Oils - The engine uses 8 quarts of 10w-30 and whatever the volume of the filter is. When I spoke to a couple people that know this stuff, they recommended that I use an oil with zinc due to the age of the engine (mine is from 1968) This adds a layer of protection that most modern oils do not have, but was very common on the older machines. The transmission and Rear axle can both use Universal Tractor Oil. You better check your budget because you are going to need 12+ gallons of the stuff depending on how much Hydraulic equipment you have. In my situation, a case of Amsoil Z-Rod 10w-30 and 3 5-gallon buckets of UTO is nearly $500.

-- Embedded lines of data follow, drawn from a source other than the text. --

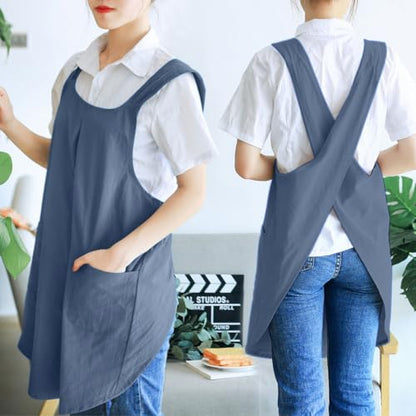 NEWGEM Japanese Cotton Linen Cross Back Cooking Apron for Women Men with Pockets Cute for Baking Kitchen - color: 08 - Women's Blue Gray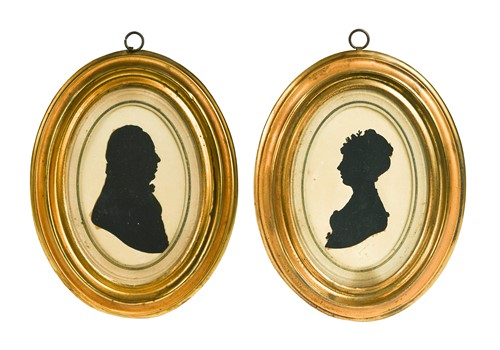 Lot 123 - A group of four silhouettes, 18th-19th century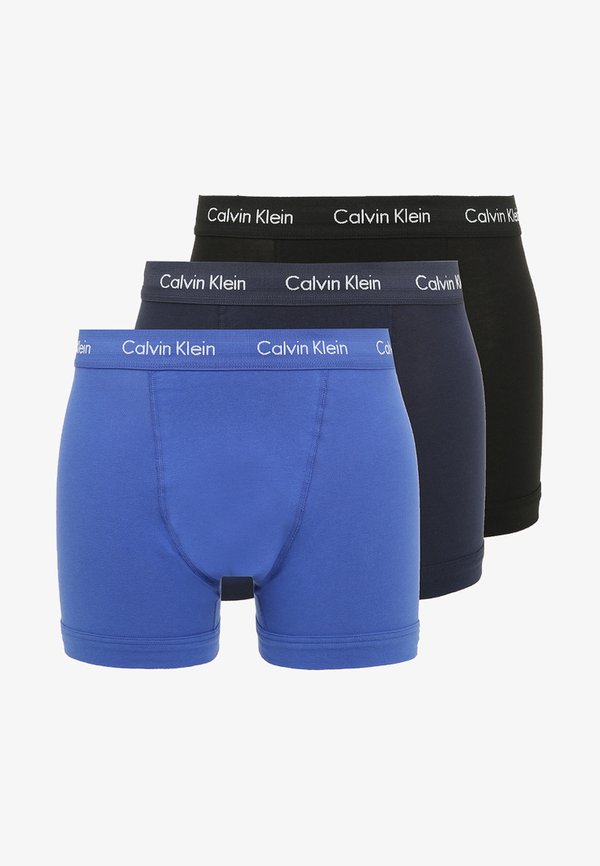 Calvin Klein Underwear TRUNK COTTON STRETCH 3 PACK  - Trunks - grey/blue/black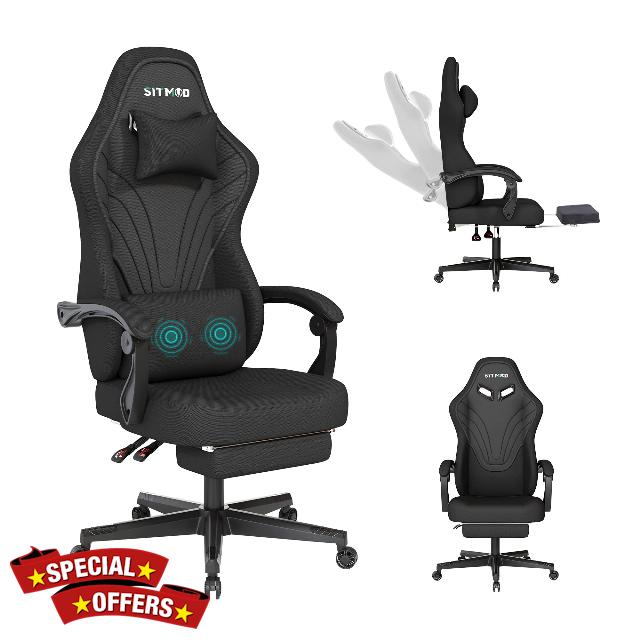 Ulody Gaming Chair with Footrest and Lumbar Support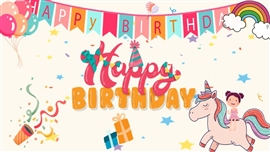 可爱风卡通动画生日快乐祝福PPT模板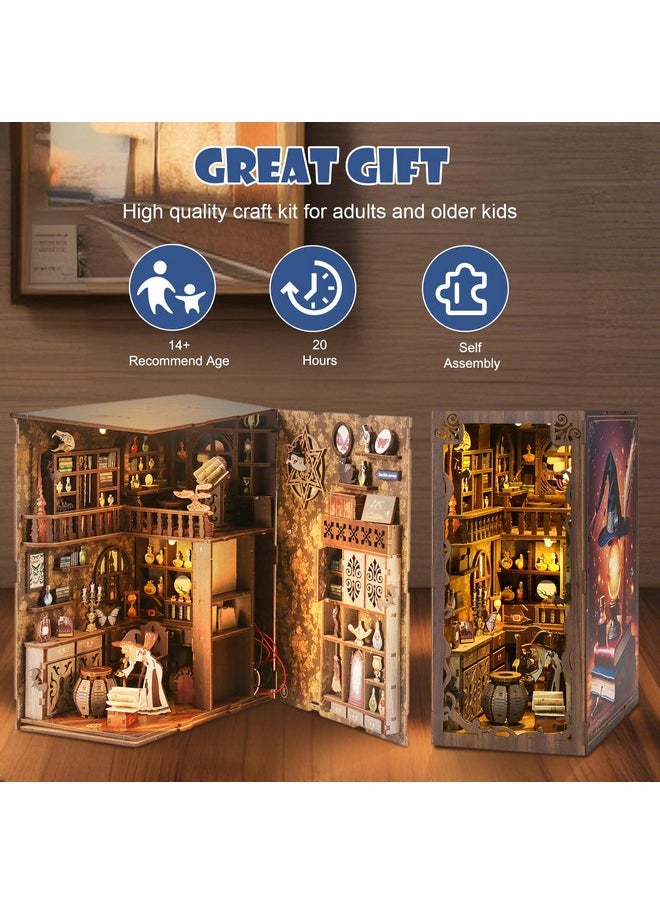 Book Nook Kit: Diy Dollhouse Miniature House Kit Booknook Kit, 3D Wooden Puzzle Bookshelf Insert Decoration Model Build Magic Doll House Gift Kit For Teens And Adults With Led Light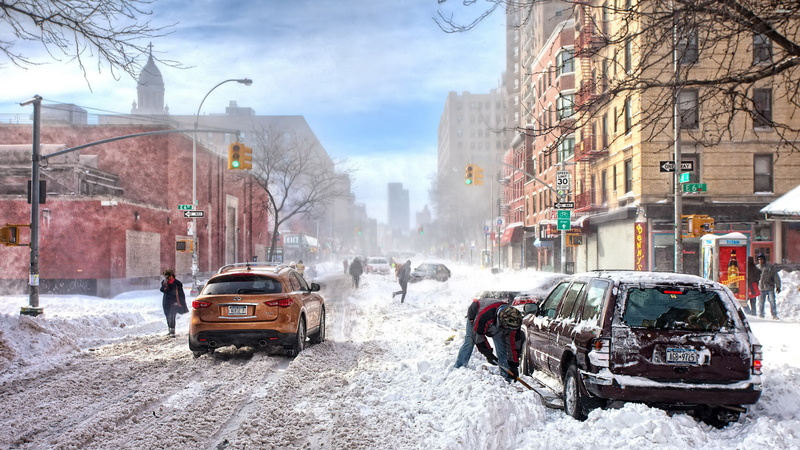building, road, wheeled vehicle, bare tree, extreme weather, vehicle, 4K, day, incidental people, city, nature, sky, land vehicle, architecture, snow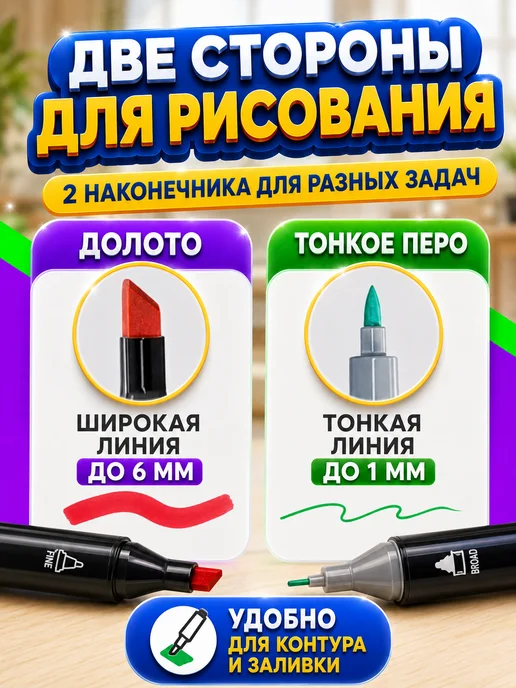 Фломастеры для скетчинга Фломастеры двухсторонние для скетчинга 60 цветов, 80 цв., фото 5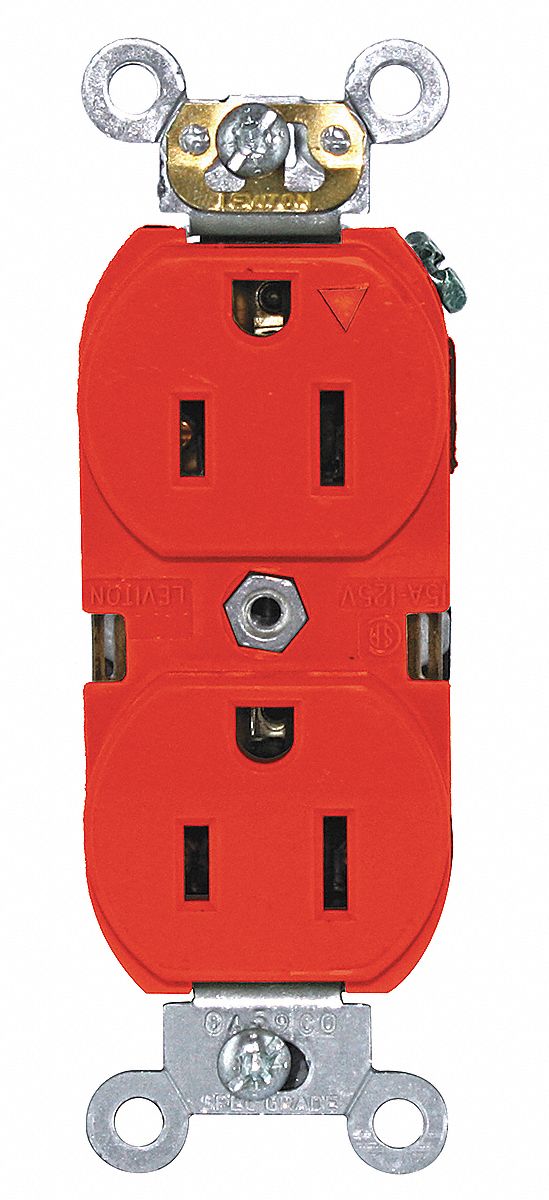 Iso.Grnd Receptacle, IndGrade, 5-15R, Red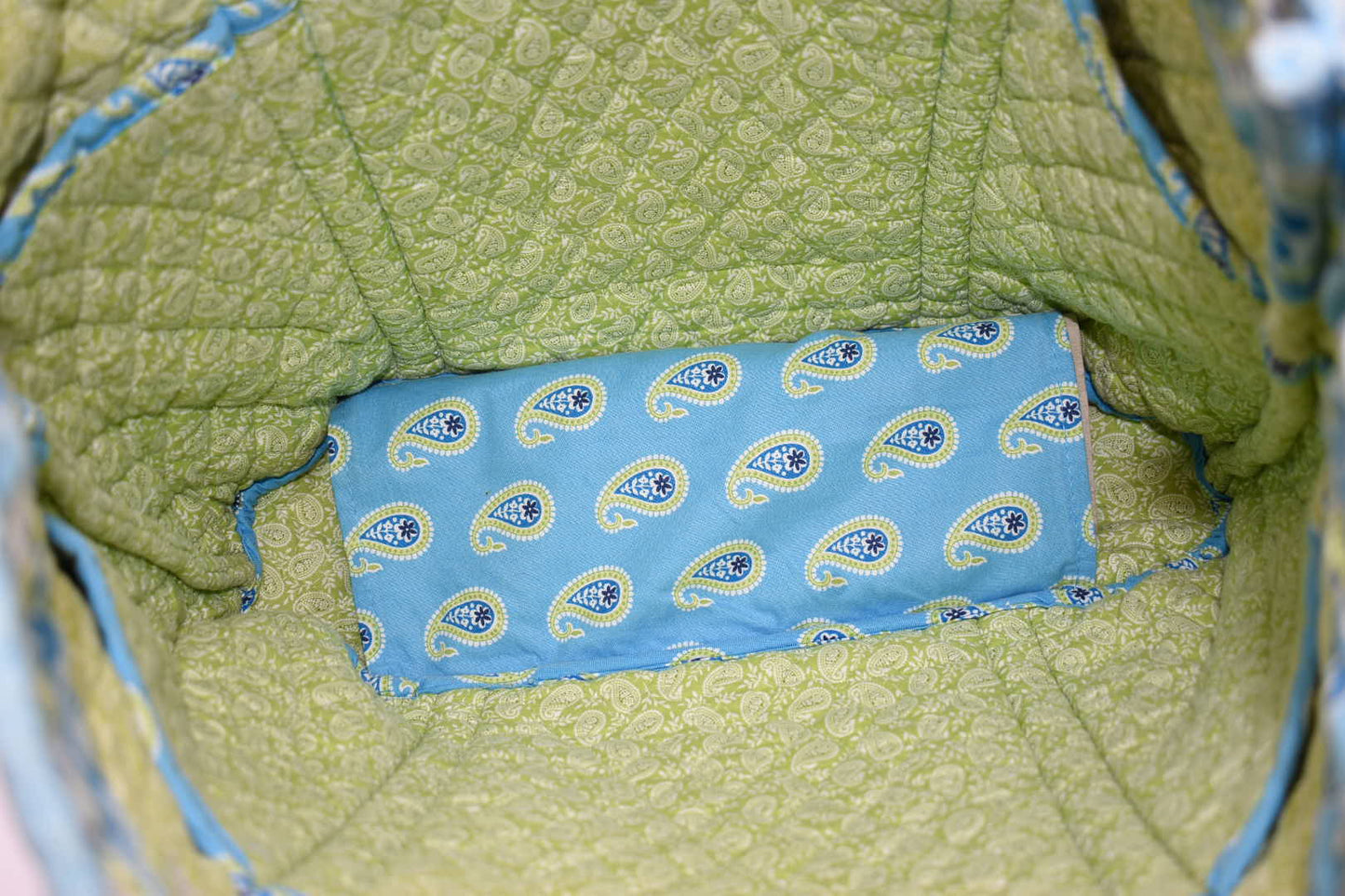 Vera Bradley Large Vera Tote Bag in "Bermuda Blue" Pattern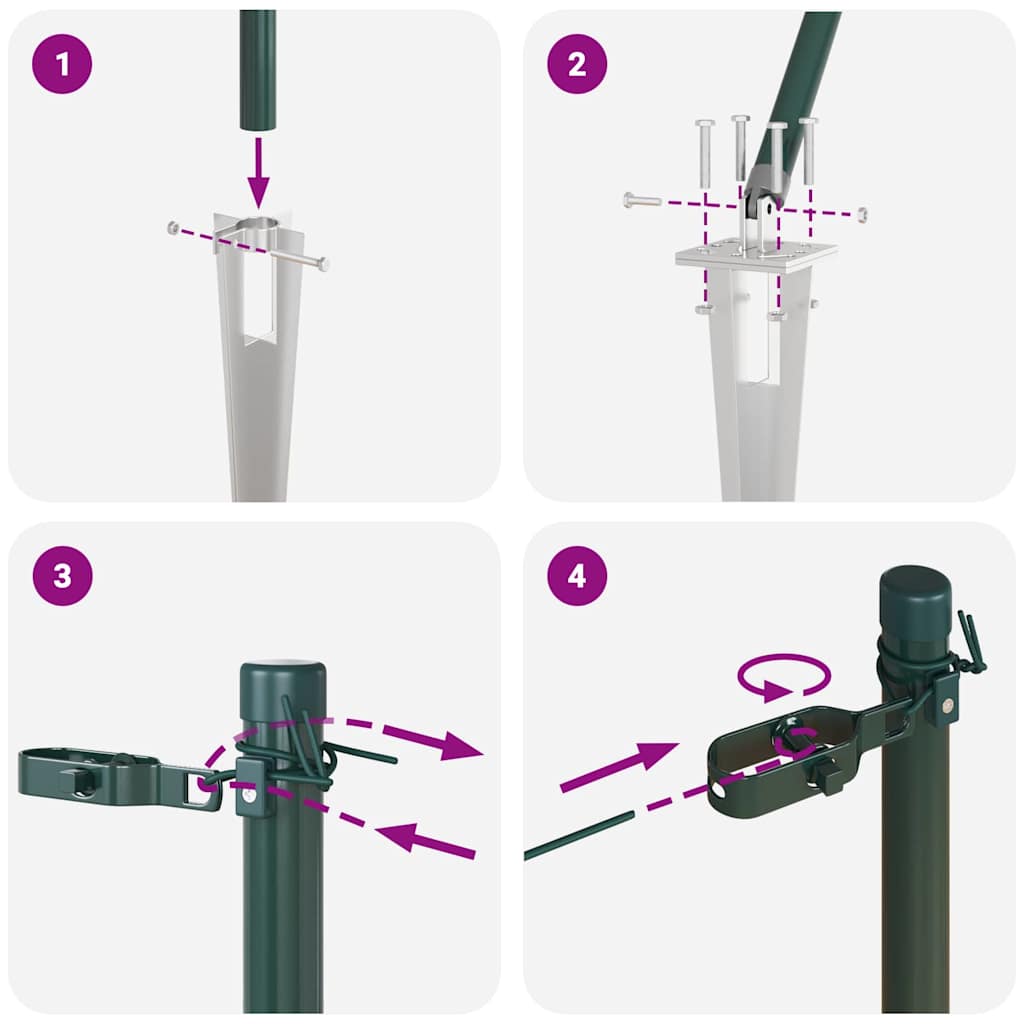 Zaunpfosten Manuell 13 pcs Grün Ø32mm 60 cm Verzinkter Stahl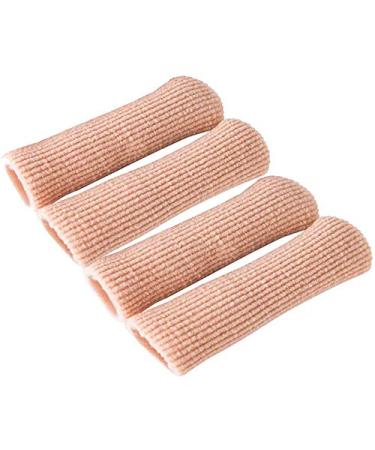 Makhry 4pcs Adjustable Cuttable Gel Toe and Finger Cap Lined Gel Toe Covers Sleeves Ribbed Knit Toe Caps Silopad Digital Caps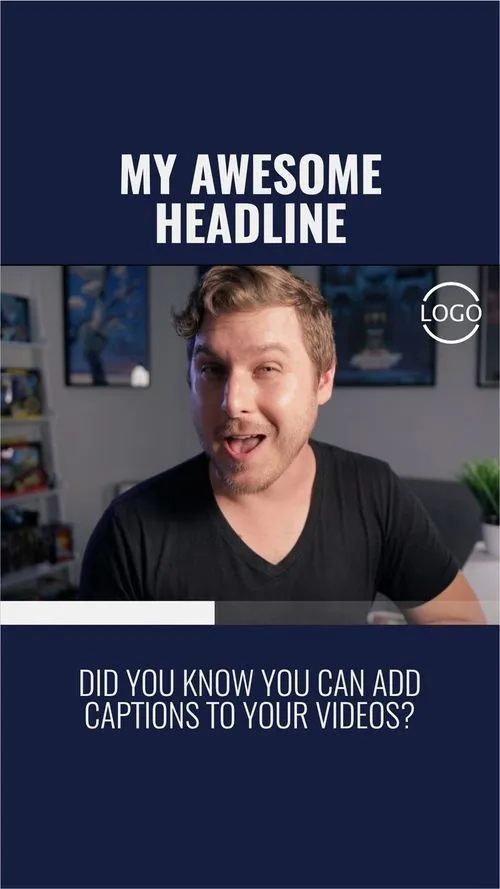 a vertical video template for Zubtitle featuring a caucasian male smiling at camera with a logo in the top right corner and a subtitle near the bottom that reads "did you know you can add captions to your videos?"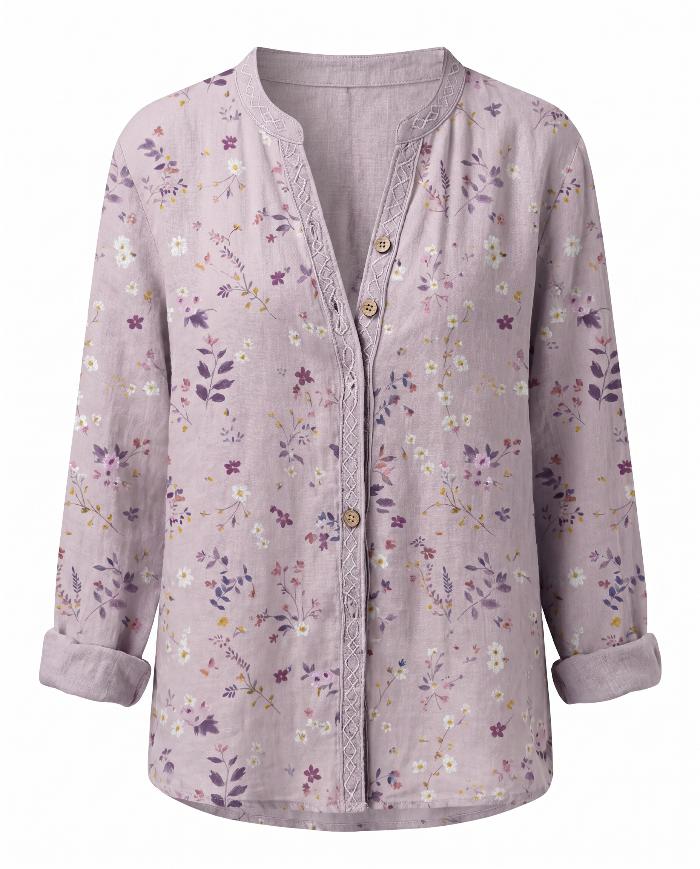 Brianna | Printed V-Neck Long Sleeve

Coolant is just under 4 gallons. 2 gallons of straight anti-freeze and then top off with water should provide a good mix. 

Engine Oil filter - Purolator PBL30001 or compatible for the spin-on conversion.

Spark Plug is a very common Autolite 405

Alternator conversion: https://www.dbelectrical.com/produc...it-ford-tractor-2000-3000-4000-5000-7000.html Currently out of stock, but this is a priority of mine to bring the charging system up to date so that I can swap in an AGM style battery for longer life. I'll write up the install when I get one.

Front tires on my machine are 7.5-16 6-ply which is not what is listed, but the previous owner swears he never changed size, maybe his dad did, or the dealer upgraded for some reason. Either way, they look fine on the machine and are certainly stronger than the factory spec. Both mine need to be replaced, but much better than needing rear tires - those look nearly new. With both the roll bar and the fenders, my rear tires are pretty much set to the maximum width and measure 82" from sidewall to sidewall. This was important because finding a trailer to haul it home was not easy. I have not recorded the rear tire size, but I did note that they were Firestone, so at least it's a decent brand.

I absolutely need to work on the lights. Rear light has an obvious broken wire. Left headlight comes on at times, right appears to be dead. The fender flasher is not working - might be the same busted wire. The dash lights are half out. My plan is to run what new wire I need, replace the headlights with LEDs (4.5" replacements for the sealed beam are pretty common) and do what I can with the rear lights. As for the dash - hopefully I can change those bulbs. If I can, I'll find me some cool LEDs for that too. Why all these LEDs? So that I can add some work lights up on the canopy - It's DARK around here. 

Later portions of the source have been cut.